Famous faces of rock and roll line up along the latest mural on Clematis Street, greeting drivers, Brightline passengers and everyone else walking along the street. Further down the street on Narcissus, the former President John F. Kennedy and his First Lady Jackie are the subjects of a breezy new mural outside the Camelot Club.
It’s all thanks to the mad mural-making members of the art collective Street Art Revolution artists—Anthony Hernandez and Eduardo Mendieta, Bulks, PHD and Mayling Pao. It takes a village to get these murals done, as the artists work with the West Palm Beach Downtown Development Authority (DDA) and West Palm Beach Arts & Entertainment District, the Subculture Group and No More Starving Artists.
The expansive long wall outside Respectable Street was the site of one of the first murals in the downtown district that had other rock and roll images. Initially, they were all commissioned by RS club owner Rodney Mayo, now it is more of a city committee decision.
This latest installation is called “The Jam: Rock Icons,” and depicts five musical giants who passed away before their time was up – no cautionary tales included. Amy Winehouse, Jim Morrison, Jimi Hendrix, Freddie Mercury, and Tom Petty are the faces, curated by Caron Bowman who says “We selected a list of departed rock icons that had a significant impact on culture. Some of the portraits we chose were inspired by images inside Hullabaloo Restaurant, near the mural site.”

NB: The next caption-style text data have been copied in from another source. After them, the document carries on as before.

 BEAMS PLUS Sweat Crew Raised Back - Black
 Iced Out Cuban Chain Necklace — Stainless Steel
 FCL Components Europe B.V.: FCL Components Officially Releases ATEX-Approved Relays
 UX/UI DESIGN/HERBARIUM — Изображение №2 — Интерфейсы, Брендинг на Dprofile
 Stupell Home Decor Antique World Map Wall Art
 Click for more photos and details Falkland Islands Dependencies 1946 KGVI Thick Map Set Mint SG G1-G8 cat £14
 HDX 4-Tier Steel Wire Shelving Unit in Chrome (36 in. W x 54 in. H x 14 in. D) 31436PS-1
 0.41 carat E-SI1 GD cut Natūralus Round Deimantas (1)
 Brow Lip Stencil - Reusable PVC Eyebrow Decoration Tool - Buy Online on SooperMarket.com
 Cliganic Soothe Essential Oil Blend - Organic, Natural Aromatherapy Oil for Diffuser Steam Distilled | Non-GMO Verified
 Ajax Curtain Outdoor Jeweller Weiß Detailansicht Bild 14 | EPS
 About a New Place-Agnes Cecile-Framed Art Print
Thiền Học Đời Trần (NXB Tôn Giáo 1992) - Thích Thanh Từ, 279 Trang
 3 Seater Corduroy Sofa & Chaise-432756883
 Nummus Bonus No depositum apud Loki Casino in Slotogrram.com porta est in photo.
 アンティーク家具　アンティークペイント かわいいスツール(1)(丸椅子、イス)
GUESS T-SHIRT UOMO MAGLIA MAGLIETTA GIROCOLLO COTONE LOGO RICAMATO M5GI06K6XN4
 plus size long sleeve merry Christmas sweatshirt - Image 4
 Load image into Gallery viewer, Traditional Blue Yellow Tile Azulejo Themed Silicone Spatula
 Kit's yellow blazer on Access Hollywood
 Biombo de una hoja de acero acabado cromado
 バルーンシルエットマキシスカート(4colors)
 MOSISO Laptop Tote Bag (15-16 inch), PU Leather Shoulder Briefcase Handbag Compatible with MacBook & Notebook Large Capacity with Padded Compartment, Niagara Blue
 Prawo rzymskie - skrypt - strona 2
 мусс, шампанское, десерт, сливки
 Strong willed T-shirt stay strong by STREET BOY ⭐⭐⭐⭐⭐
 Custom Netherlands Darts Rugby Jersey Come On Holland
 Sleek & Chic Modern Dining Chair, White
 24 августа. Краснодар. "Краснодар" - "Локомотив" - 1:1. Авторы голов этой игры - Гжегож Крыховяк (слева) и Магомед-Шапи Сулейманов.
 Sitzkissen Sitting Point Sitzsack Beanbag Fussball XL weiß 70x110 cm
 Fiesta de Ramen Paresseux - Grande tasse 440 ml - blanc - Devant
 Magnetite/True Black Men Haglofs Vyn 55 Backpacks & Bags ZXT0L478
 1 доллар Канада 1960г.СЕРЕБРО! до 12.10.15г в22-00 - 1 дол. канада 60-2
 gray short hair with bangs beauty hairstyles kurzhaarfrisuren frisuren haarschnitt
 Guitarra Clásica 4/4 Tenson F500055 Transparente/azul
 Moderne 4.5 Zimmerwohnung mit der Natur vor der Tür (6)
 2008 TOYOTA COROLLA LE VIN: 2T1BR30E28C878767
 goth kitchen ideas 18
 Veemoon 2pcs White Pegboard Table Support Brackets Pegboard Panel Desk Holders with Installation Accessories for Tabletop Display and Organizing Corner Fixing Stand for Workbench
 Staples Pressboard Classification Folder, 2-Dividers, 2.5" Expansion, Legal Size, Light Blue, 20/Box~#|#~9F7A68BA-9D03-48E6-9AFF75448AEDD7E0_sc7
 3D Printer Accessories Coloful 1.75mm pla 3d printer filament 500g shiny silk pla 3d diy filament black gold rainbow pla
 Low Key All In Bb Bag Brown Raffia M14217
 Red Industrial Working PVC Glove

The rockers make attention-getting facial expressions. Hendrix is in his full purple haze glory. “Freddie was never afraid to speak out and live life to the fullest. He believed in being genuine; a special kind of magic. That’s why I chose Freddie Mercury,” says Anthony Hernandez, who painted Queen frontman Freddie Mercury. The image he chose of Mercury sticking out his tongue is “a unique depiction that shows his fun side.”
Mercury has been back in the spotlight with the Oscar award-winning film Bohemian Rhapsody, is depicted at his piano in a white tank top – the outfit he wore to the massive Live AID concert. He gives a full force raspberry to those who would dare to declare he is not Queen of them all.
Winehouse, the retro blues-singing chanteuse sneers in her trademark monster beehive and big hoop earrings. Artist PHD, says “I chose Amy because of her soul. If you close your eyes when you listen to any of her records you will feel her deeply expressive voice right in your heart almost immediately. Her talent is truly beautiful. I jumped at the opportunity to portray her as she really was: a legendary once in a lifetime talent.”
Out of Gainesville, Tom Petty was a native Floridian who kept his deep Southern drawl his whole life. He became famous in the early days of MTV, with songs and videos that captured his golden boy shag appeal and slangy rocking songs. “I was probably around 13 years old when Tom Petty and the Heartbreakers released the music video for ‘Don’t Come Around Here No More’,” says artist Eduardo Mendieta. “I loved the Mad Hatter and Alice in Wonderland imagery from that video. It became my inspiration for the mural.”
In his mural, Petty wears his big top hat with a knowing smirk in the mural, the black and white checkerboard flooring from the video swirling psychedelically around his Mad Hatter head.
Morrison of The Doors is depicted in all his rock-god glory, with shamanic conjured snakes writhing around his head. Morrison and his band had an infamous connection to Florida as he was arrested on stage in Miami for “indecent exposure” at a raucous concert there. The charges didn’t stick and were never proven, but surely went a long way towards confirming his sex symbol status well into the afterlife.
On the bay end of the Clematis strip, the wall next to Camelot Club, a place dedicated to the life and lifestyle of the Kennedy’s Golden era, has hosted JFK in his mirrored sunglasses for years. A joint effort between Anthony Hernandez and Caron Bowman, this new one will have the couple at its center in black and white, surrounded by ocean wave-like swirls of color.
The mural is inspired by early 1960s youth culture and the Kennedy era, boating, nautical iconography, and the strong family ties that the Kennedys had to Palm Beach and their long-time home there. Inside the club, the decor is filled with Kennedy photos, images and memorabilia, scenes of sailing and families laughing and the good life.
From rock Gods to political royalty, these new murals bring them all back to life and help enhance the visitor’s experience to Downtown West Palm Beach.